Relatives of slain teenagers hold a banner during a protest against violence in Ciudad Juarez, Mexico, Saturday, Feb. 13, 2010. The banner reads in Spanish "Not even one more, not even one less. Stop the violence now." (AP/Alexandre Meneghini)
Ciudad Juarez, Mexico — Hundreds of people marched Saturday against the drug gang violence besieging Mexican border city of Ciudad Juarez, gathering at a bridge where they simulated the massacre of a group of teenagers last month.

Police, meanwhile, found the bullet-ridden bodies of five men in a town in the southwestern corner of Chihuahua state. And a decapitated body was found dumped beside the highway leading into the Pacific resort city of Acapulco.

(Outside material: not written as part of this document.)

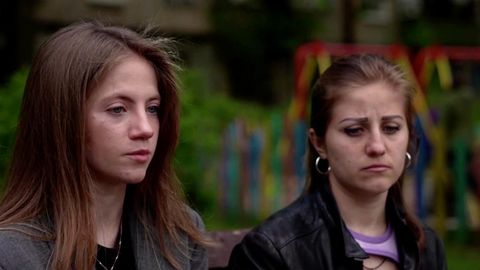 Zwei junge Frauen sitzen im Freien auf einer Bank und schauen bedrückt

The protesters marched to a border bridge in Ciudad Juarez, where they dropped to the ground as masked people dressed in black arrived at the scene, pretending to be the gunmen who killed 15 people in a working-class neighborhood on Jan. 30.

Many of those killed were teenagers with no known ties to drug gangs. Police have arrested two suspects who told authorities they were targeting members of a rival cartel, but investigators say the killers may have been acting on mistaken information.

The attack stoked anger against the government of President Felipe Calderon, whose deployment of thousands of troops to Ciudad Juarez has done little to stop vicious fighting between gangs battling for drug dealing turf and lucrative trafficking routes north.

The bloodshed has made the city of 1.3 million, which lies across the border from El Paso, Texas, one of the world's deadliest. More than 2,600 people were killed last year.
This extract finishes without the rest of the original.